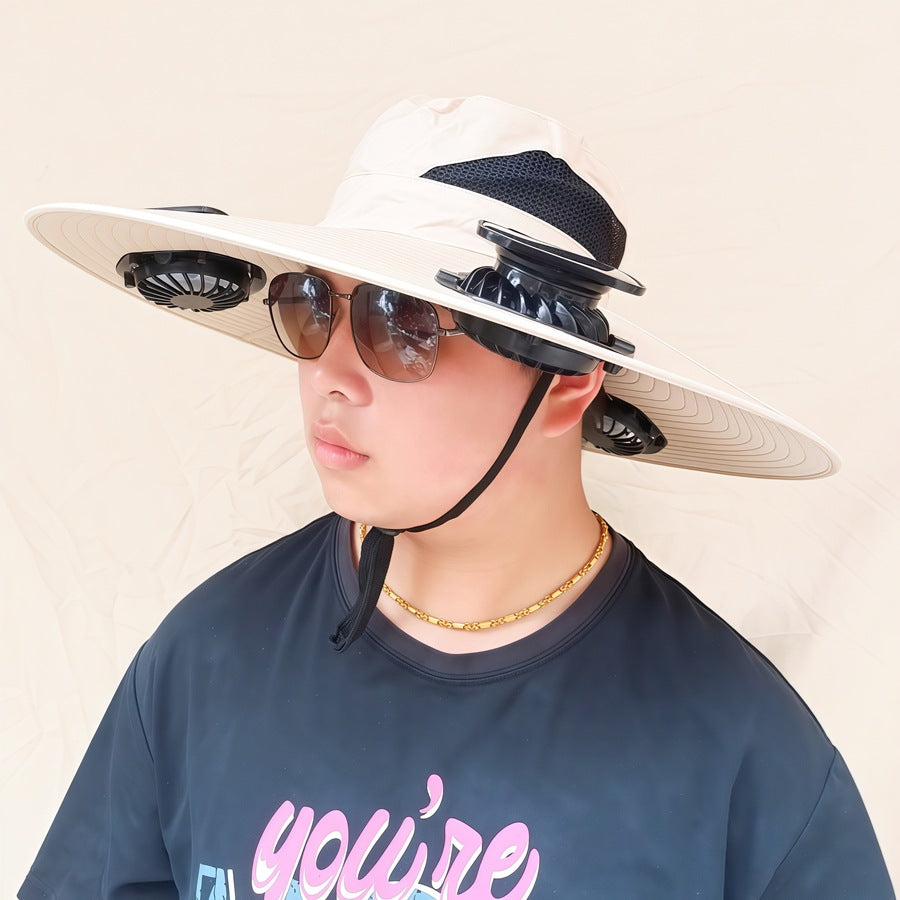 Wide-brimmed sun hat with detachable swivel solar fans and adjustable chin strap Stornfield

...

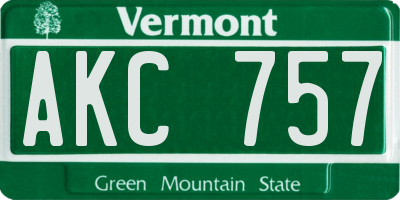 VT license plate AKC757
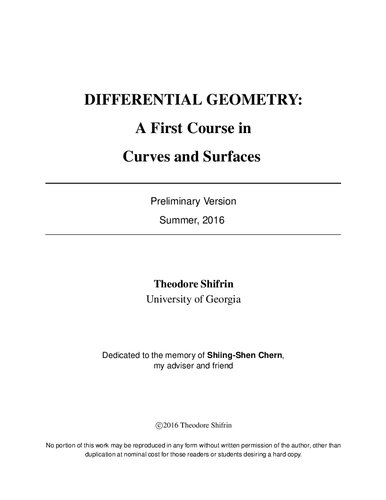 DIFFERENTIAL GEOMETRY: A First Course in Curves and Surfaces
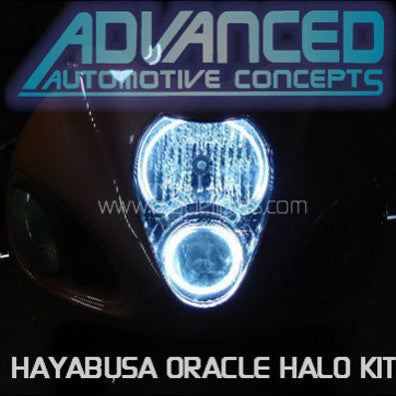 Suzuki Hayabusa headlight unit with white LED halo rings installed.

* Your instructions: In the material above, the stretch from the line with "DIFFERENTIAL GEOMETRY: A" through the line with "Suzuki Hayabusa headlight" is to be given again exactly, minus the pictures.

* Exercise result:
 DIFFERENTIAL GEOMETRY: A First Course in Curves and Surfaces
 Suzuki Hayabusa headlight unit with white LED halo rings installed.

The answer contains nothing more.